_YOUR OBJECTIVE_: Below are entries; copy exactly the lines from the one with "Figurine extensible - GOO" through the one with "bieco składana drewniana tęcza jelonek ella", both included, and leave out the rest.

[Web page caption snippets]
****************
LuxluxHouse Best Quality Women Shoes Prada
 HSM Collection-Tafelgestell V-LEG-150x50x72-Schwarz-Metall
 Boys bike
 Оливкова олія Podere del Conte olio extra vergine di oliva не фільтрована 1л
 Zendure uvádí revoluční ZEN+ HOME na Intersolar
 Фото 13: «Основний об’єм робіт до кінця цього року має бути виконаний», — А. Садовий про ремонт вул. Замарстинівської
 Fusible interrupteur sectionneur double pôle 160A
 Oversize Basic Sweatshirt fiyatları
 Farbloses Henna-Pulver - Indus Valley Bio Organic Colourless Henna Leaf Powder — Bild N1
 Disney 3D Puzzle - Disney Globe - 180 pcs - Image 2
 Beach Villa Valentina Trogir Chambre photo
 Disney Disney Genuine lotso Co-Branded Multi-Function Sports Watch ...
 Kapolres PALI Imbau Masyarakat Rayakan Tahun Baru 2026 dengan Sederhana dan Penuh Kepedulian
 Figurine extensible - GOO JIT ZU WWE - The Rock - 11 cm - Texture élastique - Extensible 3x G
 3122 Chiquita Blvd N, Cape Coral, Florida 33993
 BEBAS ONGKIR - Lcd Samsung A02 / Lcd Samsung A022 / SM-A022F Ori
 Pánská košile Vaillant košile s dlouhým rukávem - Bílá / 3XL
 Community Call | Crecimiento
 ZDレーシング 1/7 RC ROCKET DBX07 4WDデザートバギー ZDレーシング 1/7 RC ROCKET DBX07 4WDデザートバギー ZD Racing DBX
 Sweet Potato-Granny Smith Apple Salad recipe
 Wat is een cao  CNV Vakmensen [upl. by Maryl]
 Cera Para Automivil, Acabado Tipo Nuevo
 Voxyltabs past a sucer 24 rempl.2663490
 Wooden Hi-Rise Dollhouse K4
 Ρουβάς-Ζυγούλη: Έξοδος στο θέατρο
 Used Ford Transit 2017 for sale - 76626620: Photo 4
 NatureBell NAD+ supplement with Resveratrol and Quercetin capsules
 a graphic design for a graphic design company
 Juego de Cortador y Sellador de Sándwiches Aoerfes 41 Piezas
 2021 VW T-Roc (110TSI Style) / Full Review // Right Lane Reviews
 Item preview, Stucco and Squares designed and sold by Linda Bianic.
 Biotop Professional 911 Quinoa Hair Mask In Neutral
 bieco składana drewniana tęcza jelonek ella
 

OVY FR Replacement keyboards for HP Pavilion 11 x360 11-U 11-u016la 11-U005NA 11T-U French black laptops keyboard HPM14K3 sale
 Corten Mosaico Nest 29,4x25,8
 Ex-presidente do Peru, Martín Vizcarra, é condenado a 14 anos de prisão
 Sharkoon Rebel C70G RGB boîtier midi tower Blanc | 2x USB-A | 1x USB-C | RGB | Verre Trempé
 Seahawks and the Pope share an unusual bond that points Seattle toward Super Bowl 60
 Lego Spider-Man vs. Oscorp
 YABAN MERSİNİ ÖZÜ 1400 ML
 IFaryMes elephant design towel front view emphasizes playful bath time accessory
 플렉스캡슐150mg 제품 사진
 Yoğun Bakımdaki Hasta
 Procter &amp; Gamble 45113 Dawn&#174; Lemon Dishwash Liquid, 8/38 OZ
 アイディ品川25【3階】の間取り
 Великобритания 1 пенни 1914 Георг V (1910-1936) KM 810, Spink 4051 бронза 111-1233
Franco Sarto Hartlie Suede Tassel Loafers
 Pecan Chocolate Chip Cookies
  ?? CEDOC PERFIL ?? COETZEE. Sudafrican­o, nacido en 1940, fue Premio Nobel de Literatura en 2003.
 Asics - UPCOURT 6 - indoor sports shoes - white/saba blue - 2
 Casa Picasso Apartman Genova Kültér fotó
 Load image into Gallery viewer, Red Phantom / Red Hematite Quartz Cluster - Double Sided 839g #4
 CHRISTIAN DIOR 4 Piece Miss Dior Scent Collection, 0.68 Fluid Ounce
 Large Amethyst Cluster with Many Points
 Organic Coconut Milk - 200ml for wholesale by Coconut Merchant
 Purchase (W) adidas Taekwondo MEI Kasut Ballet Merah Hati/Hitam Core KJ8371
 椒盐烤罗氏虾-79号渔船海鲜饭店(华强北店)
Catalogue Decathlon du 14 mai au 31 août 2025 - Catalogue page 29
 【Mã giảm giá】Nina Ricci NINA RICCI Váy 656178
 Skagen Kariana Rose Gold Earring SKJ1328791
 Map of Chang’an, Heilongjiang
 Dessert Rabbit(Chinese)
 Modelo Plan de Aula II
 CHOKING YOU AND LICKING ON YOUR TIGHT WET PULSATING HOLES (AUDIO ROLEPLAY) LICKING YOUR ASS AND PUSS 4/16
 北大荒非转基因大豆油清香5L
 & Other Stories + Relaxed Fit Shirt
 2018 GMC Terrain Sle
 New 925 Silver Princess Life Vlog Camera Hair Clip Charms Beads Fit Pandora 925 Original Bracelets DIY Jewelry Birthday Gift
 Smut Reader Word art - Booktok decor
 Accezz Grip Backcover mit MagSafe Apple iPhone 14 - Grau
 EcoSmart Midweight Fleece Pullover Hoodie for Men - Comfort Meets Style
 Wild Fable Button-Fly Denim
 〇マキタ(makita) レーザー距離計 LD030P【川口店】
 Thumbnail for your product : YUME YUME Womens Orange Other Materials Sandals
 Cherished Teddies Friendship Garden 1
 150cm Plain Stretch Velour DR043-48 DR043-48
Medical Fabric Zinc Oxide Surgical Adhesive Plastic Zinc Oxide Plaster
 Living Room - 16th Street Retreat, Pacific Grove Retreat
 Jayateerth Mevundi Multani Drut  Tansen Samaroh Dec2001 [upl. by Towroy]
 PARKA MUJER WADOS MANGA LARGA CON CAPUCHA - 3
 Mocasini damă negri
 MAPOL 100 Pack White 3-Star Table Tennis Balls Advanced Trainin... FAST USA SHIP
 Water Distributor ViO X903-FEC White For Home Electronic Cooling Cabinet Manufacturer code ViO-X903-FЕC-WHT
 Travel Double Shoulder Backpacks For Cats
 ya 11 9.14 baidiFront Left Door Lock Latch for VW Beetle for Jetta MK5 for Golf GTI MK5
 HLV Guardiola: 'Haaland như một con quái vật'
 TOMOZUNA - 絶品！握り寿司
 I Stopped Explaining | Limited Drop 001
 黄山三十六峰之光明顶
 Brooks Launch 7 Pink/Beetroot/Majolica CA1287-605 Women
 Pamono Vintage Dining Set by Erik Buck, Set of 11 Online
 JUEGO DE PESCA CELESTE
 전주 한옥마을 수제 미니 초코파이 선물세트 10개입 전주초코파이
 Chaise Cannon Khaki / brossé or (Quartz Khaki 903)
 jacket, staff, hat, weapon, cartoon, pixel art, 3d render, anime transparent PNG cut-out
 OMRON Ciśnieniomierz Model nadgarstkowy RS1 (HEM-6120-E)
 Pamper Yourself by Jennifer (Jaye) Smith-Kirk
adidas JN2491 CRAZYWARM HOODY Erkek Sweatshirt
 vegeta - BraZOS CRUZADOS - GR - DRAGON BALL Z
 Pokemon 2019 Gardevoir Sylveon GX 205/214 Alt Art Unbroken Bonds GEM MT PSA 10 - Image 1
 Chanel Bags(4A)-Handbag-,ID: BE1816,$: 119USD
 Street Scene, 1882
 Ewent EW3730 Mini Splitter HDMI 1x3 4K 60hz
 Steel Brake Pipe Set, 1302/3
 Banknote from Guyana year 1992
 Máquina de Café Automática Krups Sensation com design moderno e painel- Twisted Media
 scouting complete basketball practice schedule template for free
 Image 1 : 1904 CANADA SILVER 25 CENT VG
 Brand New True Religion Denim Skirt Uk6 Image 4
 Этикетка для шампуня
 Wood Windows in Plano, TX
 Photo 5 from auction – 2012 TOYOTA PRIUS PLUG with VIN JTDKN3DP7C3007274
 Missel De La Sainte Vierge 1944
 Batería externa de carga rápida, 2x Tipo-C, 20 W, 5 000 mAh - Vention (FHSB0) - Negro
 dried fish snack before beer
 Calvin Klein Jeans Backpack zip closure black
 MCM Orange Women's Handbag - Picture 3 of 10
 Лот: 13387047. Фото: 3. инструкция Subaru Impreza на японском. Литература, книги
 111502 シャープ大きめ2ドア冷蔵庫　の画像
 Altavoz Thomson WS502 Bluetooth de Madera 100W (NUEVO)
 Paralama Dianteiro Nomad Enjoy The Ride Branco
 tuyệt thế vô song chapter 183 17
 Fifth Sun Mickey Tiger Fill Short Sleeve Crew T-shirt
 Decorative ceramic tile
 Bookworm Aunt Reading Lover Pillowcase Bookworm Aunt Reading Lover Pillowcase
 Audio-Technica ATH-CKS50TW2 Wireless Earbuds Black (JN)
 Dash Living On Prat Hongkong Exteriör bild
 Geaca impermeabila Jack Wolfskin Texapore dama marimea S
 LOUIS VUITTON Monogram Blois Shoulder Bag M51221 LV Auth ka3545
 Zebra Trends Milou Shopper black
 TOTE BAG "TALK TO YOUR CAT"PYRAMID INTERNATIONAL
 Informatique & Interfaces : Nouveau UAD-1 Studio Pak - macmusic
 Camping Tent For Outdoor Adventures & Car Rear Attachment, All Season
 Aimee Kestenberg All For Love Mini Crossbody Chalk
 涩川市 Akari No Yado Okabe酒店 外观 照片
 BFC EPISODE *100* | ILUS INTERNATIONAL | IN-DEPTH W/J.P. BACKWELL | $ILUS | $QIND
****************
_TASK RESPONSE_:
 Figurine extensible - GOO JIT ZU WWE - The Rock - 11 cm - Texture élastique - Extensible 3x G
 3122 Chiquita Blvd N, Cape Coral, Florida 33993
 BEBAS ONGKIR - Lcd Samsung A02 / Lcd Samsung A022 / SM-A022F Ori
 Pánská košile Vaillant košile s dlouhým rukávem - Bílá / 3XL
 Community Call | Crecimiento
 ZDレーシング 1/7 RC ROCKET DBX07 4WDデザートバギー ZDレーシング 1/7 RC ROCKET DBX07 4WDデザートバギー ZD Racing DBX
 Sweet Potato-Granny Smith Apple Salad recipe
 Wat is een cao  CNV Vakmensen [upl. by Maryl]
 Cera Para Automivil, Acabado Tipo Nuevo
 Voxyltabs past a sucer 24 rempl.2663490
 Wooden Hi-Rise Dollhouse K4
 Ρουβάς-Ζυγούλη: Έξοδος στο θέατρο
 Used Ford Transit 2017 for sale - 76626620: Photo 4
 NatureBell NAD+ supplement with Resveratrol and Quercetin capsules
 a graphic design for a graphic design company
 Juego de Cortador y Sellador de Sándwiches Aoerfes 41 Piezas
 2021 VW T-Roc (110TSI Style) / Full Review // Right Lane Reviews
 Item preview, Stucco and Squares designed and sold by Linda Bianic.
 Biotop Professional 911 Quinoa Hair Mask In Neutral
 bieco składana drewniana tęcza jelonek ella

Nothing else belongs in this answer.